Mike Lester

Personal information
- Full name: Michael John Anthony Lester
- Date of birth: 4 August 1954 (age 71)
- Place of birth: Manchester, England
- Height: 5 ft 10 in (1.78 m)
- Position: Midfielder

Senior career*
- Years: Team / Apps / (Gls)
- 1972–1974: Oldham Athletic / 27 / (2)
- 1974–1977: Manchester City / 2 / (0)
- 1975–1976: → Stockport County (loan) / 9 / (1)
- 1977: Washington Diplomats / 24 / (1)
- 1977–1979: Grimsby Town / 48 / (10)
- 1979–1981: Barnsley / 64 / (11)
- 1981–1982: Exeter City / 19 / (6)
- 1982–1983: Bradford City / 49 / (2)
- 1983–1986: Scunthorpe United / 106 / (9)
- 1985–1986: → Hartlepool United (loan) / 11 / (1)
- 1986–1987: Stockport County / 11 / (0)
- 1987: Ludvika FK
- 1987–1988: Blackpool / 11 / (1)
- 1988–1990: Chorley
- Total:  / 381 / (44)

= Mike Lester (footballer) =

English footballer

Michael John Anthony Lester (born 4 August 1954) is an English former professional footballer who played as a defender/midfielder. He made 381 appearances most at Scunthorpe from 1983 to 1986 with 106 appearances.

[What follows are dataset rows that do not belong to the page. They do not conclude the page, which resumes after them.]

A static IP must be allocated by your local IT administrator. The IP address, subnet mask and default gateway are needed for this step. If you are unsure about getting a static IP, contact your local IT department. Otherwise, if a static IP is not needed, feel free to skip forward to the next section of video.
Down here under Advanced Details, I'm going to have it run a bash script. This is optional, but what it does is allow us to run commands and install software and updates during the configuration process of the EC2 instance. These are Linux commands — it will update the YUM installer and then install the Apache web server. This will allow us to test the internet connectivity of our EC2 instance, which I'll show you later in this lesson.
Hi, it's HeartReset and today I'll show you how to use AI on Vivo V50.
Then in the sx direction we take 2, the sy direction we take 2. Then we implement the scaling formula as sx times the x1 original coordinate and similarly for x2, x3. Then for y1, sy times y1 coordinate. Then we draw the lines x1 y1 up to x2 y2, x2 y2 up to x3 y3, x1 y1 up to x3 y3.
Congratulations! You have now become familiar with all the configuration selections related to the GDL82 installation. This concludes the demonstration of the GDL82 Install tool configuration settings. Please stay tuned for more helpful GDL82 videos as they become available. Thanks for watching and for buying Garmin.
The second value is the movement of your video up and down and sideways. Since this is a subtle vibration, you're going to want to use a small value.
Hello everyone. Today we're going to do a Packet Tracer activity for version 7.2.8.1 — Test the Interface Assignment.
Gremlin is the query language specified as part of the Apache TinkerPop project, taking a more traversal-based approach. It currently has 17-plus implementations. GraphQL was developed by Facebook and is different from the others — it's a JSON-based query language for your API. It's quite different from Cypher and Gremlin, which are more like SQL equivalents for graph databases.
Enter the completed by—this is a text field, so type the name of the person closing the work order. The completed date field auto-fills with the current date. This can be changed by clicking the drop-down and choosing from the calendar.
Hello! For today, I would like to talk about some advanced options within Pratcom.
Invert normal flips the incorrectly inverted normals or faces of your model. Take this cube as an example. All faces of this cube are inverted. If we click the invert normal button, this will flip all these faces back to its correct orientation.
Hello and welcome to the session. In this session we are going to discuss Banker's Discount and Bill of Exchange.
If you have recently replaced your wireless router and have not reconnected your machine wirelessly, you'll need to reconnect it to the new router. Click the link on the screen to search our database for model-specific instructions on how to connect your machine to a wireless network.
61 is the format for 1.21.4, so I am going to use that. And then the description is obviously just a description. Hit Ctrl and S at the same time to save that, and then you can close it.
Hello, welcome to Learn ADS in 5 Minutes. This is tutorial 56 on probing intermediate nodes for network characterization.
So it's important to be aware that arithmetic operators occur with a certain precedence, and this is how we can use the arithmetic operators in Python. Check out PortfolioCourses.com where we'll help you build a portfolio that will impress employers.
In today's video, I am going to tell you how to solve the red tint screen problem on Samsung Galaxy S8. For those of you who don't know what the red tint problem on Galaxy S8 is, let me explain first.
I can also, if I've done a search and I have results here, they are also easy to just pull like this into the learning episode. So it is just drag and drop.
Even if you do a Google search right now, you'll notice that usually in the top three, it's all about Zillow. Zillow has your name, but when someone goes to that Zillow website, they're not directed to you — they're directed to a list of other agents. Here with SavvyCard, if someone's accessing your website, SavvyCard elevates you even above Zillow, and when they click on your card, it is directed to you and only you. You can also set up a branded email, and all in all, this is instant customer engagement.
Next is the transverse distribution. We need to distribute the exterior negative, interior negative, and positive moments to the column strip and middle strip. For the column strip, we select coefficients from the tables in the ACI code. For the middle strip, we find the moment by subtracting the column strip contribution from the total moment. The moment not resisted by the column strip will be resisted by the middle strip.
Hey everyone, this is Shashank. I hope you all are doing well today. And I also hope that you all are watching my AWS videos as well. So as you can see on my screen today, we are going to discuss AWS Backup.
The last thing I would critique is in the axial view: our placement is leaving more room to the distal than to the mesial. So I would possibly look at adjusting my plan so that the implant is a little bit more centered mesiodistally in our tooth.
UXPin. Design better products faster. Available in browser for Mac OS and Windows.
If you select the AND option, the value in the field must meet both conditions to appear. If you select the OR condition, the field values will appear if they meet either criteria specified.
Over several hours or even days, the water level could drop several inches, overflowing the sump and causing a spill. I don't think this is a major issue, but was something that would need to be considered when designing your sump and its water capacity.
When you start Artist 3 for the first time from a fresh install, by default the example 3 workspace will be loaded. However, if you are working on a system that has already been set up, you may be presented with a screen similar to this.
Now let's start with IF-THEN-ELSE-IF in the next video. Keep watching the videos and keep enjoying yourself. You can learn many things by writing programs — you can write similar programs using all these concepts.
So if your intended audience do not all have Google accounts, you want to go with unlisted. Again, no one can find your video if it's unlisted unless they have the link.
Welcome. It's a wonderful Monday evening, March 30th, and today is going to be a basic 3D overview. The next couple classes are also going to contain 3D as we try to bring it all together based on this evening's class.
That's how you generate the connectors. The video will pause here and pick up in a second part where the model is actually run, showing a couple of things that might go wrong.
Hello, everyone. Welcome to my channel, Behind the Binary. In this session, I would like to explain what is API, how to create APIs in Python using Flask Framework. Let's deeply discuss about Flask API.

Lester played in the North American Soccer League with the Washington Diplomats, and was involved in an altercation with Pelé during his last appearance for the New York Cosmos in Washington.

He signed for Mossley in December 1989 and retired at the end of the season having made 24 appearances.

Later became assistant manager of Runcorn and then manager of Chadderton, Atherton Laburnum Rovers, Rochdale Town and Oldham Borough.